WANDERING around Britain in the summertime can set you to wondering whether the Taliban did, in fact, have something going for them.

The Taliban, you may remember, were the Afghan regime that we hated until our venom was turned on Saddam Hussein's Ba'ath Party.

They were Islamic fundamentalists and one of their more eccentric decrees was that every man must have a beard. And not just any old beard. The beard had to be at least the length of a clenched fist held under the chin.

The mobile beard police, part of the Taliban's Department of Virtue and Vice, drove around the country in Japanese jeeps, with powers to jump out and investigate any beard they liked. They were armed with kalashnikovs just in case a beard dispute turned nasty.

Gradually, the fist came to be seen as an out-dated method of measuring a beard's length and the beard police were given lantern glasses. These glasses were eight centimetres deep, and the beard police would demand that their suspects place their beards inside the glass. If it didn't reach the bottom of the glass, the beard was deemed illegally trimmed and the wearer was liable to punishment.

The punishment depended on the mood of the beard police. Someone clean-shaven could expect 45 days in prison; someone who had had a trim might get ten days or seven lashes.

If the beard police were feeling particularly lenient, the offender might be let off with an on-the-spot light beating with a small length of rubber hose.
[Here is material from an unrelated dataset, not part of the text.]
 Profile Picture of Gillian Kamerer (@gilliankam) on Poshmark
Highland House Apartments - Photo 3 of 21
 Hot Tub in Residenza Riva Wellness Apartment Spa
All of this may sound somewhat draconian until you consider what is on display on North-East streets this summer.

This season's fashion - particularly among women - is baring a spare tyre's width of tummy flesh. It might be considered appealing when the woman in question is a lithe popstar of Antipodean origin - but unfortunately you don't see too many of those popping into Binns on High Row.
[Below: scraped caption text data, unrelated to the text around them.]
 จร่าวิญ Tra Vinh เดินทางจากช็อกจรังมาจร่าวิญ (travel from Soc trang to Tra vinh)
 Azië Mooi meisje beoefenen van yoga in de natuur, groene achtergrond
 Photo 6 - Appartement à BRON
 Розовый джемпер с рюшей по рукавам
In fact in Darlington's Queen's Arcade on Tuesday, there was a most unappealing sight. It was a blubberous lady of indeterminate age dragging a young child hurriedly by the hand. You could tell the child was hers because you could see the stretch marks, and you could tell the pair of them were in a hurry because you could see that her large expanse of white tummy, swinging from side to side as she rushed, was caked in a thin film of glistening sweat.

There was more: most memorably, the top portion of a tattoo poking up above her light blue pants. Once, the tattoo might have been alluring as it lead her lover to her secret places; but now time had caught hold of it and yanked it and stretched it into an elongated contortion seen only in fairground mirrors.

And then there was the navel stud. Her red diamond sparkled amid an angry red infection which had painfully taken root in her piercing. Just the thought of the top off her trousers chaffing against the stud was enough to bring tears to the eyes of passers-by as she and her child struggled through the arcade.

If only the belly police - or the midriff constabulary or the tummy taliban - had been on hand, an on-the-spot light beating with a small length of rubber hose was the very least that she deserved.